- [Description of the task]:
Beginning with the line containing "Uniformă de polițist fidelă" and ending with the line containing "Shimano SH-TR501 Women's TRIATHLON SHOES", write out each line of the records below exactly; pictures and lines outside that range are left out.

- [Supplied material]:
============================================================

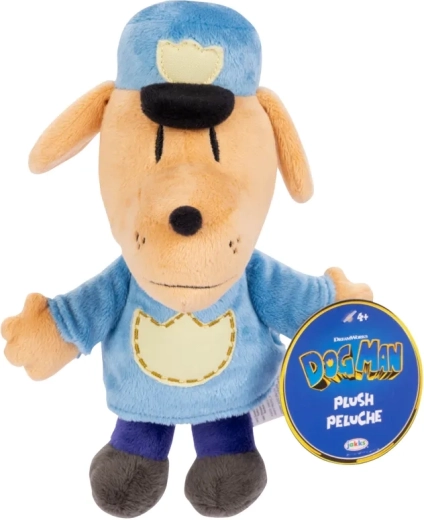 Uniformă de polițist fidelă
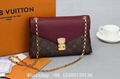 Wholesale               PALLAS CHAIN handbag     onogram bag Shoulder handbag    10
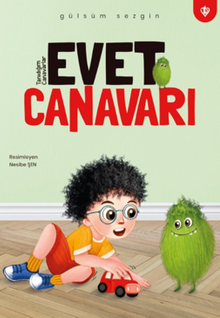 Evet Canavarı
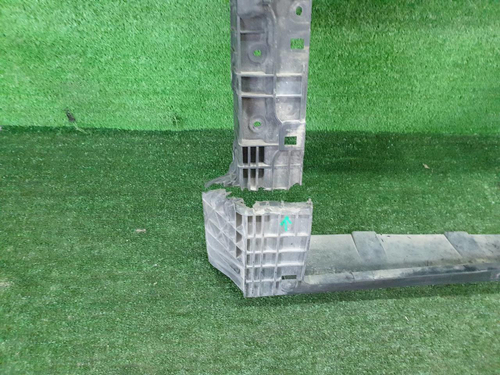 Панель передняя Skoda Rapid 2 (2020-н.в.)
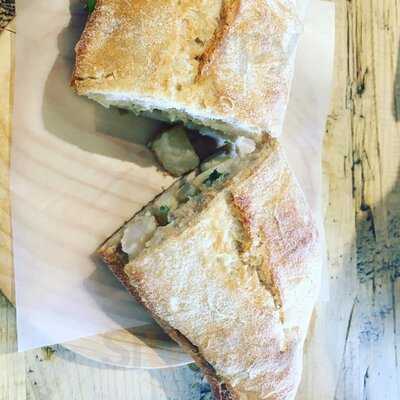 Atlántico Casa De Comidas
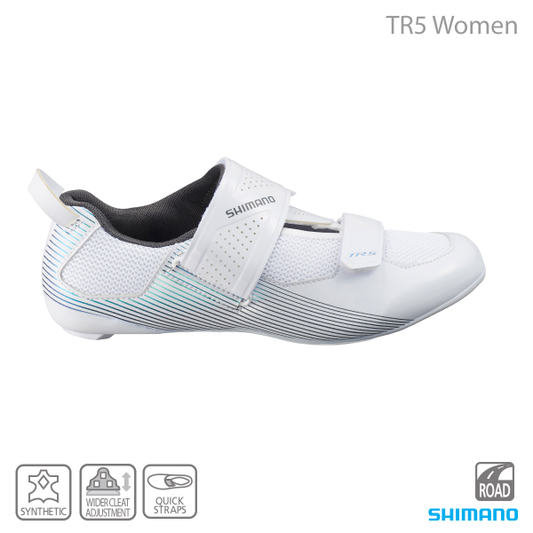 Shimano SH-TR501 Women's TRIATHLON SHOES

============================================================

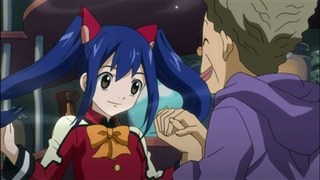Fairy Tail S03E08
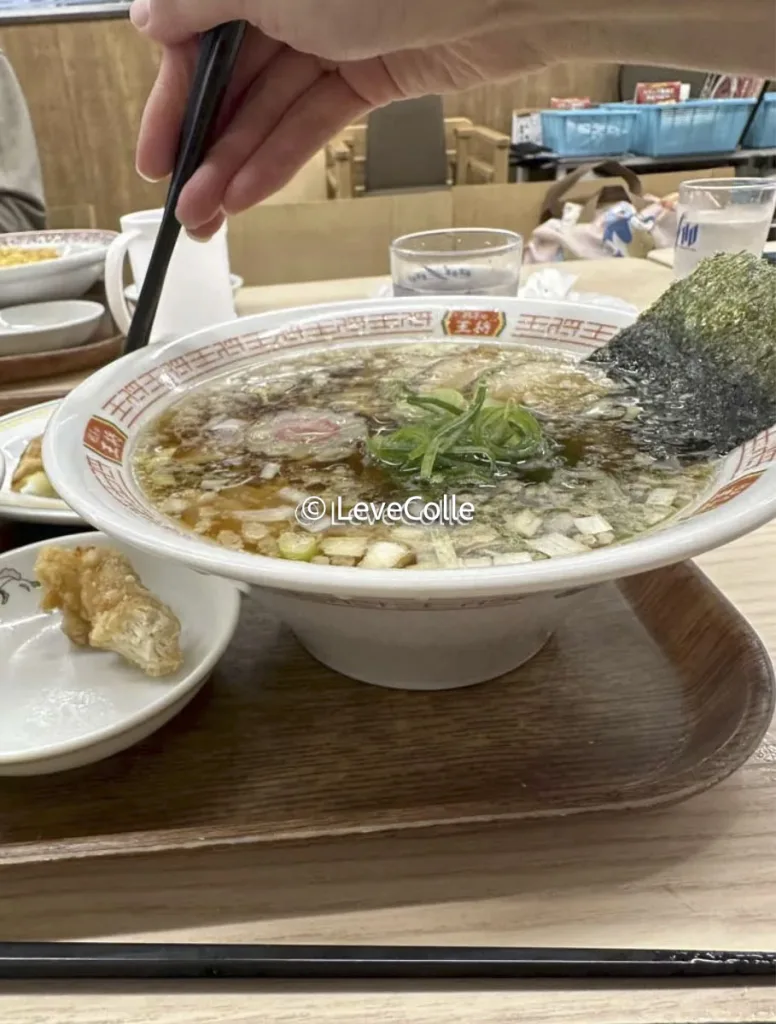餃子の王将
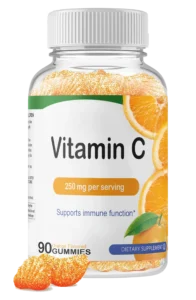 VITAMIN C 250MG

============================================================

- [Solution to the problem]:
 Uniformă de polițist fidelă
 Wholesale               PALLAS CHAIN handbag     onogram bag Shoulder handbag    10
 Evet Canavarı
 Панель передняя Skoda Rapid 2 (2020-н.в.)
 Atlántico Casa De Comidas
 Shimano SH-TR501 Women's TRIATHLON SHOES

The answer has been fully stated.